Killer peppers and chickens
But the long-term recovery of a species from such small numbers is difficult. Agriculture is not a panacea and must be combined with other conservation measures.
According to Outerbridge, major and minor land snails were threatened by predators such as flatworms, carnivorous snails and feral chickens, invasive species introduced to Bermuda by humans over the past 50 years (some on purpose, from others accidentally). For populations to thrive again, these threats must be reduced.
During the early years of the Bermuda Land Snail Project, Outerbridge recalls, he felt pressure because, although the snails were multiplying in British laboratories, there was no safe place to release them. He and his great team have therefore worked hard to create a welcoming environment on the various islands where the reintroduction takes place. For example, on Trunk Island, they focused on eradicating invasive species such as Brazilian pepper, a garden plant introduced in the 1950s that outnumbered many local plants, and replanting native species such as hearts of palm and cedars. They have also introduced management plans to deal with chicken infestations.
“The islands have become life rafts for endangered species that we cannot control on the main island,” says Outerbridge.

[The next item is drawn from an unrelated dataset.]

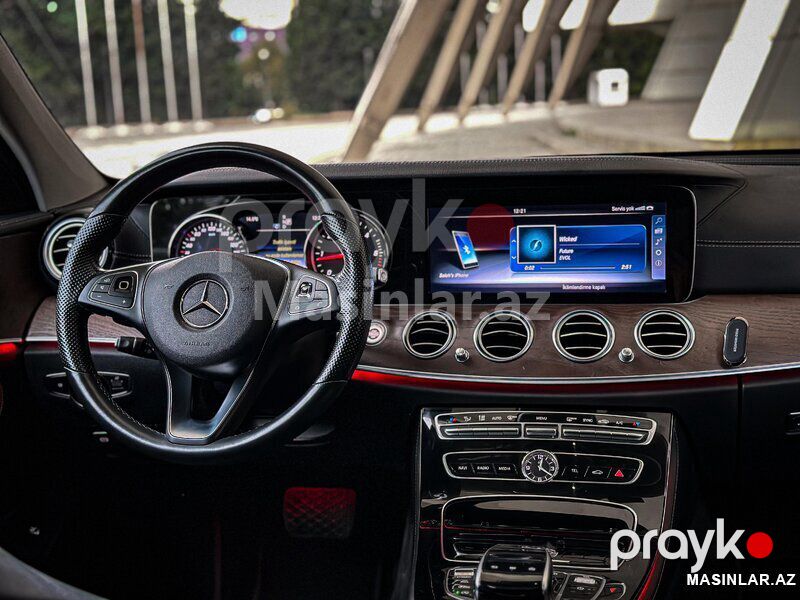 Mercedes Mercedes E220, 2018 il — Minik avtomobili icarəsi, Bakı (8)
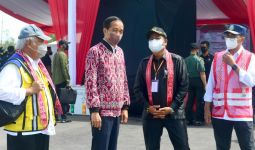 Lihat Tuh, Jaket Bomber Jokowi Keren Banget, Dipakai Buat Resmikan Bandara Tebelian - JPNN.com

Once the islands returned to what they were before the species declined, the team gave Garcia the go-ahead to start returning the snails.
Small snails, big impact
Garcia has long been a small-species advocate. At Chester Zoo, he works in a cluster of shipping containers outside the main zoo, away from the Sumatran tigers and Asian elephants that often attract visitors. The endangered reptiles, amphibians and invertebrates kept in the bins may not be quite as glamorous, but he insists they are no less important. These are some of the most endangered groups of species on the planet, and it is here that scientists study their biology, behavior and breeding habits in a controlled environment, with the aim of reintroducing all species into nature.
When people ask Garcia why he goes out of his way to help creatures as small as Bermuda snails, his response is, “Why do we care about the species we have on the planet?
“Everyone, animals and plants, has a role to play,” he says. “Snails have many functions, one of which is to degrade materials. It’s part of the ecosystem, and if you remove that piece (then) the system doesn’t work.”
He hopes the work they are doing will help engage the public and send a strong message of optimism.
“We can really bring back a species that was on the verge of extinction,” he says.